Edit Distance Problem

Edit Distance Problem

Problem Description
Edit Distance (also known as Levenshtein Distance) refers to the minimum number of single-character edit operations required to transform one string into another. Allowed edit operations include: inserting a character, deleting a character, and replacing a character. For example, the edit distance from "horse" to "ros" is 3 (delete 'h' -> "orse", delete 'o' -> "rse", delete 'e' -> "rs", but the actual optimal solution is: horse -> rorse (replace 'h' with 'r') -> rose (replace 's' with 'o') -> ros (delete 'e')).

Solution Approach
This problem is typically solved using dynamic programming.
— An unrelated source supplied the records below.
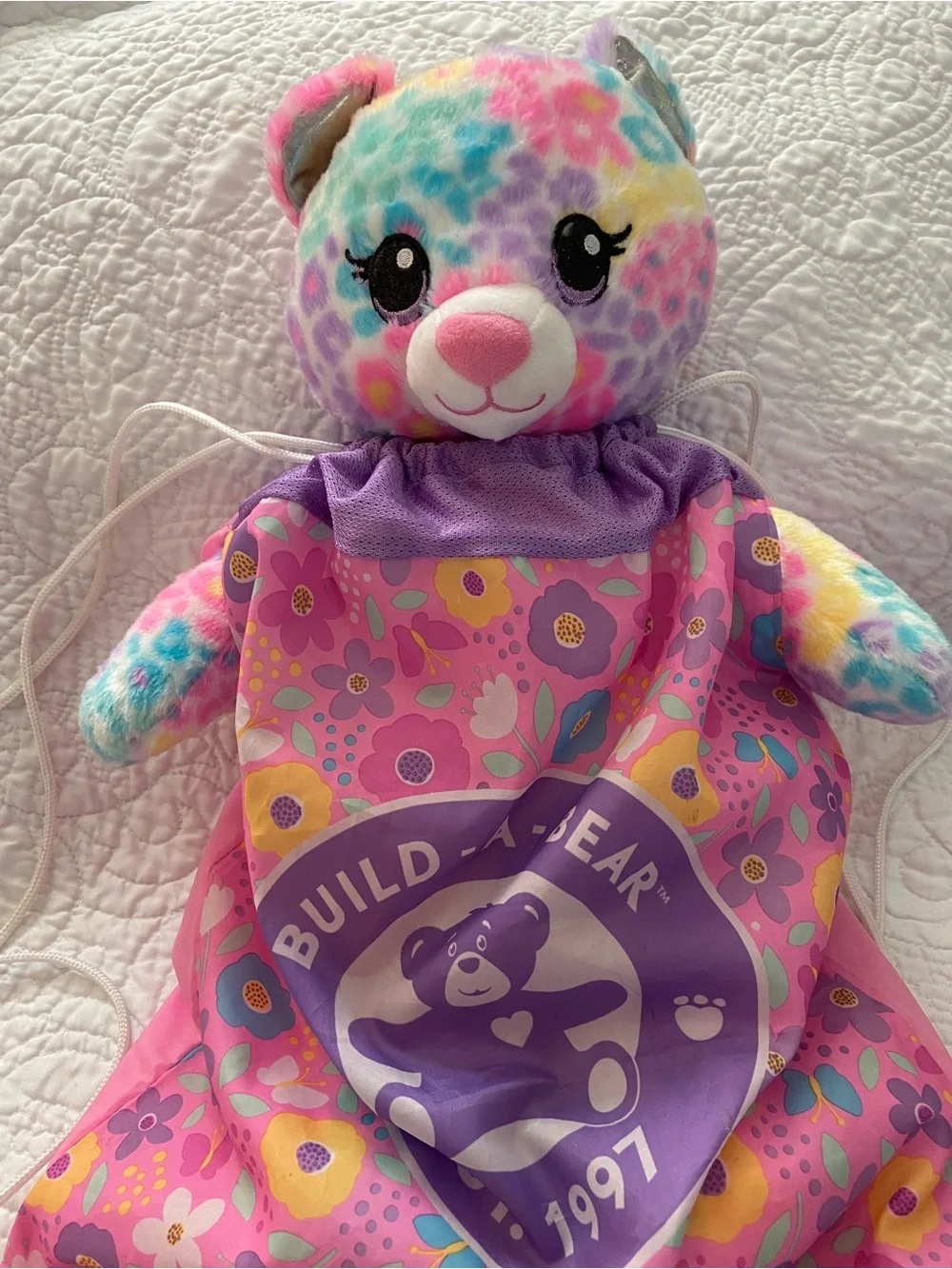 Build-A-Bear Pink Floral Drawstring Kids Cinch Backpack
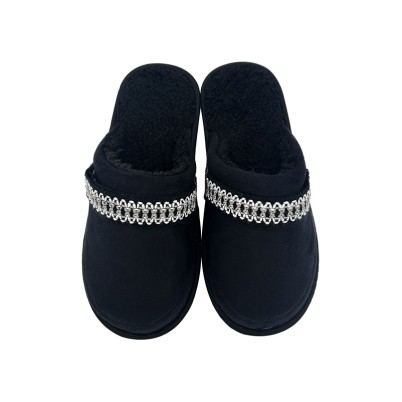 Ultra-fine fiber closed-toe mule slippers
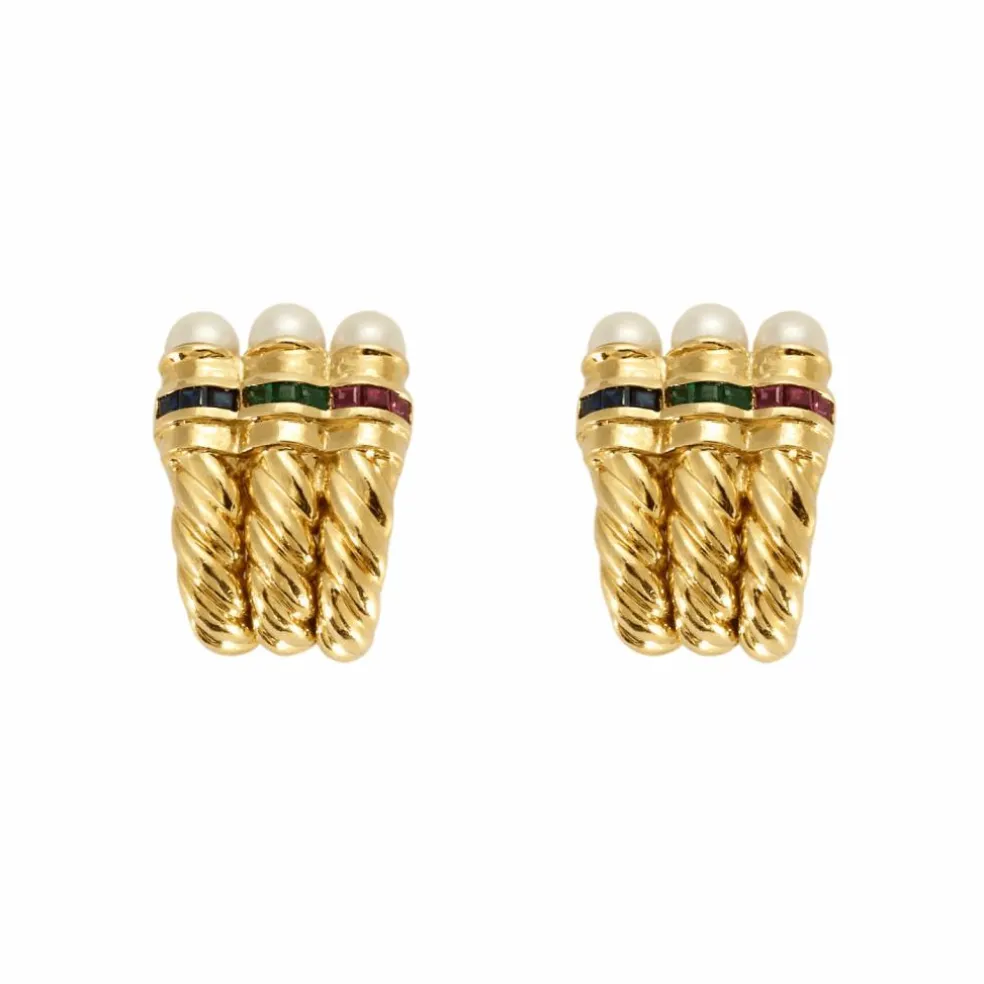 Boucles d'oreilles or jaune, rubis, émeraudes, saphirs et perles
We define a two-dimensional array dp[i][j], representing the minimum number of edit operations required to convert the first i characters of string word1 into the first j characters of string word2.

Detailed Steps

  1. State Definition
    Let dp[i][j] denote the minimum edit distance to convert word1[0..i-1] (the first i characters) to word2[0..j-1] (the first j characters).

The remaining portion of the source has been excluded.